Congress does not believe in real cuts. They've duped the public into believing that "averting disaster" means raising the debt-ceiling. (What good is a ceiling that is so easily raised?) All manner of temporary fixes are preferable to actual problem solving. Elections are decided by who can promise the most free stuff to the largest number of people while keeping the straightest face. Incumbent "public servants" must also justify their previous terms in office. If you repeat a lie long enough, people will start to believe it. Likewise, career politicians are really good at getting re-elected.

But it's not just our elected officials that are to blame. Some are just money and/or power junkies in search of their next hit (God bless 'em). The bigger blame lies on their suppliers- the unelected officials of the private Federal Reserve. For government, the Fed enables unfettered debt monetization. For banks, the Fed administers "quantitative easing" (spoooky language). The Fed chair, Janet Yellen, has the power to send shock-waves through the entire financial market with one poorly chosen word. (If that's not the sign of a healthy financial system, I don't know what is.) Here's a question: What would we ever do without the Federal Reserve? "Well," you say, "without the Fed, the markets would be quite volatile, leading to market crashes and potentially even depressions." Wait.

Ben Bernanke Regarding the Great Depression. You're right, we did it.-Ben S. Bernanke

The Fed has begun easing the easing, and now, we wait with bated breath for what could be a tsunami of financial ruin. Assuming that the current "recovery" is only the short-term result of massive stimulus spending (an "interest-rate recovery" as Gerald Celente puts it), the Fed will soon be forced to pause the tapering before reversing course, increasing stimulus even more dramatically. That reversal will leave the markets quaking. Continuing to taper will dissipate the mirage of a recovery.

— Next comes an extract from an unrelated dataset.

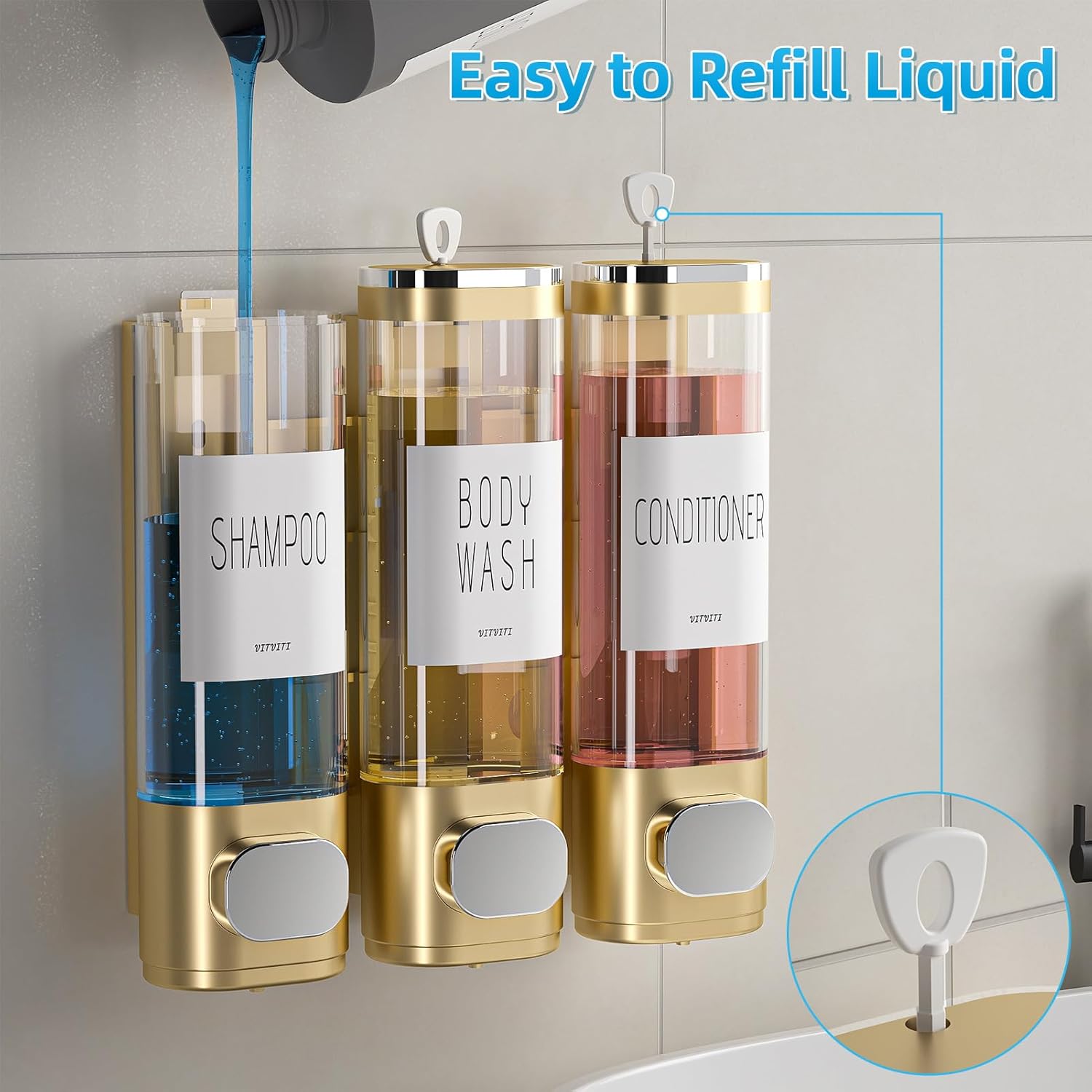 Shampoo and Conditioner Dispenser for Shower Wall, Shower Soap Dispenser 3 Chamber No Drill Wall Mounted, 10.2 OZ Plastic Refillable Shower/Body Wash Bottles for Bathroom (Glod)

But, it's not like other countries are free from their own economic problems. Central banks the world over have employed usury to subjugate their populations, and governments are printing money left and right. When debt that is mathematically impossible to repay goes exponential, countries can choose to default on their obligations or inflate their currency. Since inflation can keep the ponzi scheme going, is harder to detect, and can be explained away by the experts, it is undoubtedly where we're headed. As debt climbs steeply, so too inflation to pay it off. That dollar just won't buy what it used to, and people might need to retire later than planned. Not to mention, high taxes and huge income gaps is the stuff of revolutions. Do you believe "target practice" is the reason Homeland Security bought a billion bullets?

When currencies are being debased in a race to the bottom, who is going to come out on top? The weaker currencies will go from a backing of confidence to a backing of paper. Assuming a massive blow to the confidence in fiat currencies, currencies backed partially by gold may even return to prominence. Regardless, when currencies and trade are at war, holding gold is an excellent hedge. Last year, Germany tried to repatriate a small fraction of its gold holdings from US soil. The US wants seven years to ship it. Why? The vaults are empty. People understand this, and now the value of gold incorporates speed of delivery.

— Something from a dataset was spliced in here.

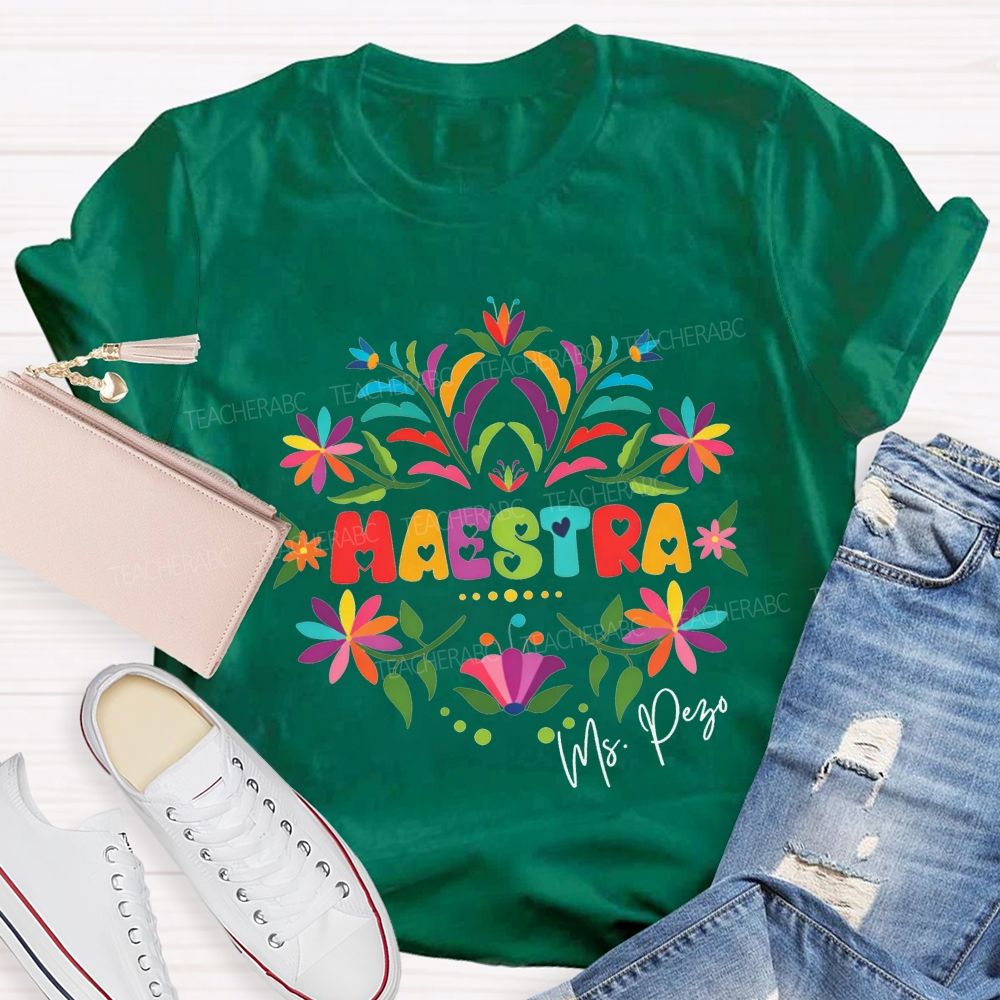 Personalized Name Maestra Floral Bilingual Educator Teacher T-shirt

Fort Knox Why can't we see the gold in Fort Knox? Because it's invisible!

Dr. Paul Craig Roberts, former assistant to the Secretary of the Treasurey under Reagan, exposed the Fed's rigging of the gold market. Paper claims to gold (that vastly outnumber the amount of available physical gold) are used to drive down the price of physical gold by selling the paper claims short on a massive scale- a form of naked short-selling. A strong gold price reflects a weakening dollar and threatens the dollar's status as the world's reserve currency. Asia's demand for physical gold will eventually implode this manipulation.

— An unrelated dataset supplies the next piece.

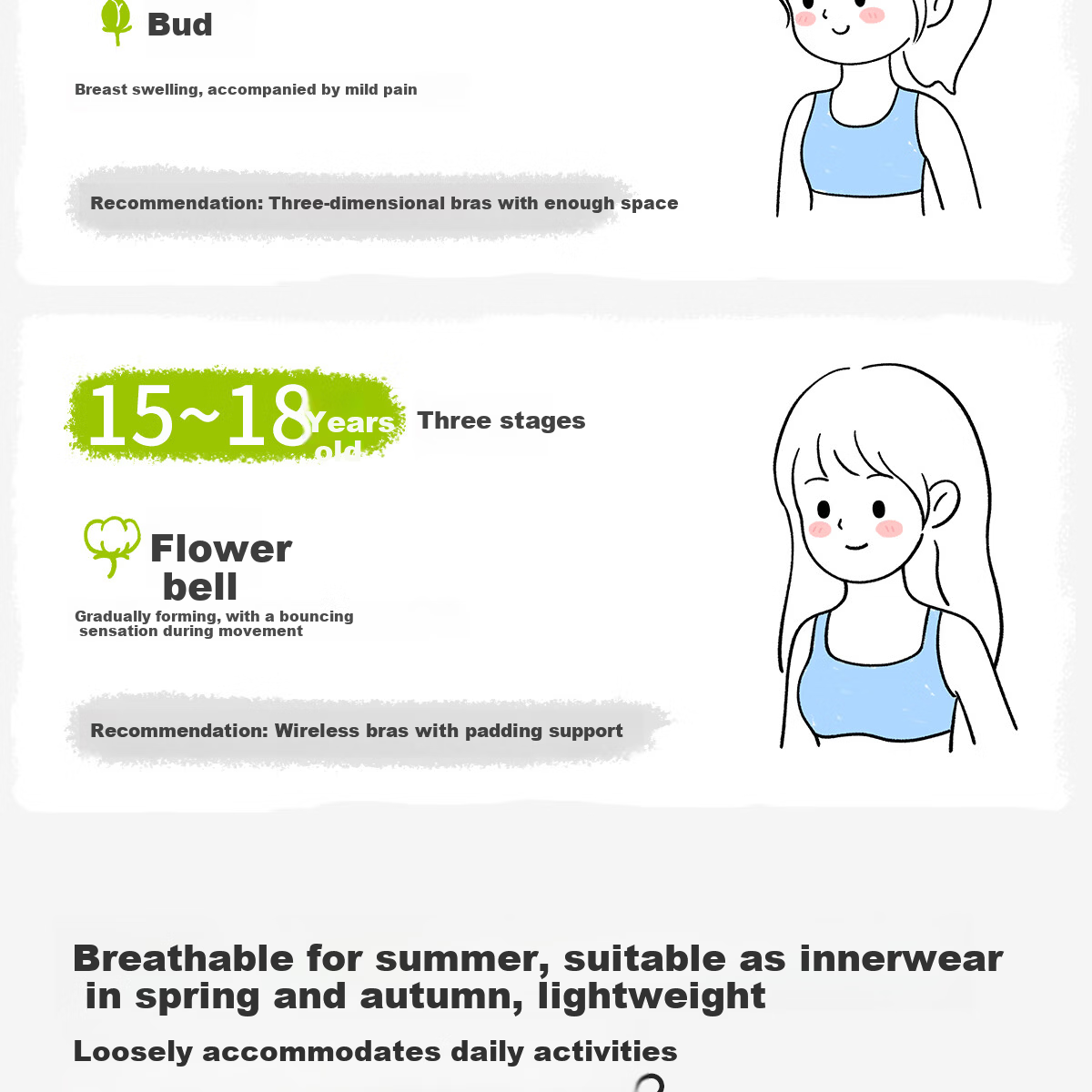 COCO SMART Children's Underwear 6-12 Years Early Development Stage Elementary School Girls Base Vest Phase One Youth Girls Bra 15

The Fed is testing the limits of this economy. Creating so much wealth without creating value is a recipe for financial Armageddon. If 2008 is any indication, they could again be caught off guard. The petrodollar and the dollar's status as reserve currency have really been the Fed's saving grace. Once countries start dumping their dollar holdings (China), start accepting other currencies for oil (Russia), or start trading in other currencies (BRICS) or directly in gold (Iran), the dollar will be under even more pressure. The Fed's tapering or gold manipulation will also force a correction in the not too distant future. Now is the calm before the storm.